Following mild winter months, shelters anticipate a robust kitten season next month, particularly relying on foster homes for extra help. Like so many others, Yohannan is thankful for the incredible response, but uncertain how long the momentum will last. “With millions of people filing for unemployment, we’re hoping that the animals aren’t forgotten in all of the mayhem,” she added.
These nonprofits rely greatly on generous donations and fundraisers for financial assistance. While remaining steady for now, future funds could pose a potential setback. Granger mentions a slowdown in donations, creating a shortfall in the year’s budget. Bideawee had to cancel the annual Bideawee Ball, previously set for June 11. “It’s the largest fundraiser of the year and leaves us with a $700K revenue gap that we will need to fill from other sources,” Granger says.

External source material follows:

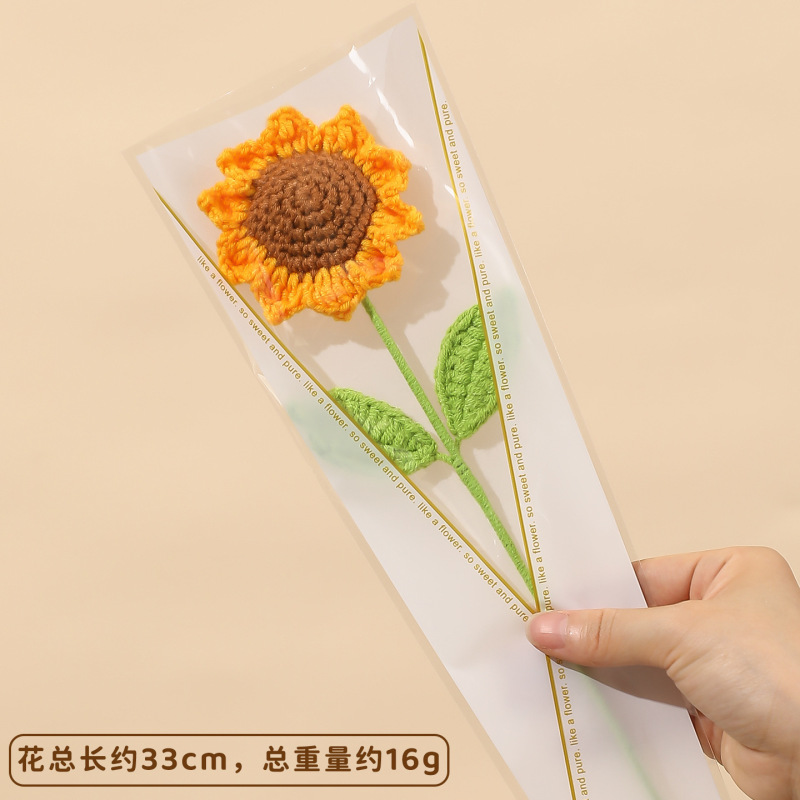 2025新款幼儿园小学送老师实用高档花束笔创意手工diy教师节礼物|undefined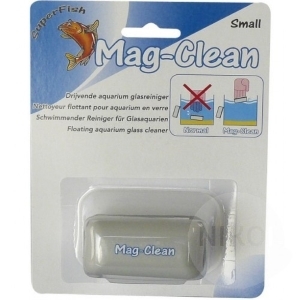 Superfish Mag-Clean Algae Magnet Small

At the end of the day, the driving force is saving these animals and ensuring that those either adopted or fostered are in a stable environment post-coronavirus outbreak. The average lifespan of a dog is twelve years, and indoor cats are known to live up to twenty or more. Having a pet is a constant commitment, so shelters want to make sure potential owners are ready for the long haul.
Fostering to adopt poses a way to solidify the choice and acts as a win-win situation. The foster parent is able to temporarily test out the lifestyle, while the rescue is freed from the shelter until placement.
For Puppy Kitty NYC president Meagan Licari it’s a message of opening your heart and your home. "Tell yourself you can be patient and save a life.”